Se da un lato quindi “non ci può essere un movimento femminista di massa per porre fine all’oppressione sessista senza un fronte unito”, dall’altro “il legame duraturo tra le donne può verificarsi solo quando si affrontano le divisioni e vengono prese le misure necessarie per eliminarle”. Il focus va quindi posto proprio su quelle differenze che per anni si è cercato di eliminare o ignorare e che, secondo l’autrice si ritrovano nell’etnia, nella classe sociale, e in generale in tutte le forme di privilegio che creano gerarchie di potere tra le donne. Scegliere il confronto tra donne, anche quando è destabilizzante e sembra minare l’idea romanticizzata di unione è, in realtà, l’unico modo per andare a fondo e costruire una solida sorellanza basata su rispetto e intersezionalità. In questo modo, discutere, essere in disaccordo, mettere in dubbio la propria posizione smantellando gli stereotipi sessisti interiorizzati, diventa una pratica politica e un modo per costruire la vera solidarietà. Secondo bell hooks, infatti, a nutrire la sorellanza dev’essere la “solidarietà politica” che, a differenza del “supporto”, non è occasionale, ma frutto di una scelta di unione, di valori e obiettivi condivisi e di un profondo e difficile lavoro di introspezione e confronto.

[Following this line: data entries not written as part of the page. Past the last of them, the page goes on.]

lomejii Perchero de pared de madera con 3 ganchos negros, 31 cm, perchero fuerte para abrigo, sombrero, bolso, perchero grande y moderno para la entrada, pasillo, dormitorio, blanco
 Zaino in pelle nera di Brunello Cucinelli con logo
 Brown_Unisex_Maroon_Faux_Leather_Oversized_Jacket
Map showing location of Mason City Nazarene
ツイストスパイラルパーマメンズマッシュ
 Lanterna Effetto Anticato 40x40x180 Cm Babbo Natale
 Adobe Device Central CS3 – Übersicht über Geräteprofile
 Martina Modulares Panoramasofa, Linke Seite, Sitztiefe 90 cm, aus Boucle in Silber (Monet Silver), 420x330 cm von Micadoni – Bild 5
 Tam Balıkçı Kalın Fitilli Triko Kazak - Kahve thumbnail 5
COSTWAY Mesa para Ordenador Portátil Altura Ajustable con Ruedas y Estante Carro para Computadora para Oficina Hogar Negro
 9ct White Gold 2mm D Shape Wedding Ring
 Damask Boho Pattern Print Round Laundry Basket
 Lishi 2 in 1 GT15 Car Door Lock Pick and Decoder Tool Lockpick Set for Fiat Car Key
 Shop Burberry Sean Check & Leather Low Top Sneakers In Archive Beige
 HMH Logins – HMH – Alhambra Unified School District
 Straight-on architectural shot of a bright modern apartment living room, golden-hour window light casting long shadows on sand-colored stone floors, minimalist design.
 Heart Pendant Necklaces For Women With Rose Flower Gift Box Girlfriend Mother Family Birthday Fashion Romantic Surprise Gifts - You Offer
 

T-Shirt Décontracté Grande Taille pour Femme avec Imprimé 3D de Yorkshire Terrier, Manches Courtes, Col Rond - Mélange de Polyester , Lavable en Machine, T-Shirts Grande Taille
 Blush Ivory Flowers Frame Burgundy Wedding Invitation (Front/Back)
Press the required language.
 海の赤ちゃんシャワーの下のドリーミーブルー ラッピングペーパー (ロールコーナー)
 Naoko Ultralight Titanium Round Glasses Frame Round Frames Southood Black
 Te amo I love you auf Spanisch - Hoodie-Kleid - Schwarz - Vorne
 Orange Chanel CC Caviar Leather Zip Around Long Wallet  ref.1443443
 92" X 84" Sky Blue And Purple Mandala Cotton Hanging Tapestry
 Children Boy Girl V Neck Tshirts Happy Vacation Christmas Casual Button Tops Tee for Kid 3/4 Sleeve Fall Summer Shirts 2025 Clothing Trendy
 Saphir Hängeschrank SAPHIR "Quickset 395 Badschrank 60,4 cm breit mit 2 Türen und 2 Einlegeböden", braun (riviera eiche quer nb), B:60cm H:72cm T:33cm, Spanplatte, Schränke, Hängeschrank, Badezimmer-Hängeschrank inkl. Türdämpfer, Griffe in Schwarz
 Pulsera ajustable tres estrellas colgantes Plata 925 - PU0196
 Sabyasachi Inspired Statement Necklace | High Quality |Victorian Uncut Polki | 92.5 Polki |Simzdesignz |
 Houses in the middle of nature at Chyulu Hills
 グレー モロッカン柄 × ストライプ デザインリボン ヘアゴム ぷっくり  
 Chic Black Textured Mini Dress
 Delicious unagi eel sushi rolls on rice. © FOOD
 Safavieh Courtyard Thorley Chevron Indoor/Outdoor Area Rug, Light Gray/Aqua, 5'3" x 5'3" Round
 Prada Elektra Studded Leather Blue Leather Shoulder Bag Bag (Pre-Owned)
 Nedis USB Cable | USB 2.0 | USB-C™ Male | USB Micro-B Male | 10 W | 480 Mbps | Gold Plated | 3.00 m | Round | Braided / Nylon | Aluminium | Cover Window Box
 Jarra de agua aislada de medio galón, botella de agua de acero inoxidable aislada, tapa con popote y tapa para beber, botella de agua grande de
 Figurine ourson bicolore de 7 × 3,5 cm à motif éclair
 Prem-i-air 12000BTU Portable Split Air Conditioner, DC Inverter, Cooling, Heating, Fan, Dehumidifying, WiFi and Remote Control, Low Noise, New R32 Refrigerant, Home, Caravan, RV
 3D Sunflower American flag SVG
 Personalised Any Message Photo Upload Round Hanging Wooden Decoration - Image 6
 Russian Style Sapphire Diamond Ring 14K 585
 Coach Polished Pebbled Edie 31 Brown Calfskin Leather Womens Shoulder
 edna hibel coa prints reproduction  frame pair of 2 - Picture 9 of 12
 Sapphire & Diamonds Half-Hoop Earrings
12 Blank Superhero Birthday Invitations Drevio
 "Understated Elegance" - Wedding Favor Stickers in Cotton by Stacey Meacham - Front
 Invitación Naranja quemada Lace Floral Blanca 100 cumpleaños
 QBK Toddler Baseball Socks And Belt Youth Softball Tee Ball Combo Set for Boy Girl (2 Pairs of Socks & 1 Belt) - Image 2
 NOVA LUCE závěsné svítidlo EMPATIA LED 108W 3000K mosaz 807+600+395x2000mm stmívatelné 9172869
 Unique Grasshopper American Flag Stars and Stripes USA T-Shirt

La sorellanza proposta da bell hooks, quindi, promuove il recupero del femminile che, nella solidarietà politica, viene valorizzato, ma allo stesso tempo problematizzato per privarlo di retaggi sessisti e discriminatori. Se poi si amplia lo sguardo a un’ottica in cui le caratteristiche tradizionalmente “femminili” sono svincolate dalle norme di genere, la sorellanza può risultare una pratica politica e relazionale inclusiva in grado di coinvolgere le persone al di là di vincoli e costruzioni sociali. In Piccole donne il romanzo di Louisa May Alcott che forse più di ogni altro ha saputo mostrare a generazioni di donne il potere della sorellanza, il rapporto tra le quattro sorelle protagoniste è spesso visto con gli occhi del loro vicino di casa e amico Theodore Laurence, un ragazzo, bianco, ricco e privilegiato. Laurie non ha la mamma e vive circondato da uomini. Pur non conoscendolo, è affascinato e attratto dal mondo femminile e lo sente evidentemente affine a una certa parte di sé che, stringendo amicizia con le sorelle, sceglie di coltivare diventando in un certo senso anch’egli partecipe della sorellanza. In una società portata a presentare le caratteristiche tradizionalmente femminili come inferiori rispetto a quelle maschili, tanto da penalizzarle nelle donne e a negarle negli uomini, la sorellanza può risultare un mezzo per riscoprirle sotto una nuova luce. In un mondo che collega il femminile a rapporti di competizione e rivalità, la sorellanza, così come intesa da hooks, può mostrare una strada alternativa. Se costruita come esplorazione, problematizzazione e impegno, la sorellanza può davvero diventare un punto di forza e una base di partenza per sviluppare un pensiero femminista sfaccettato, approfondito e inclusivo.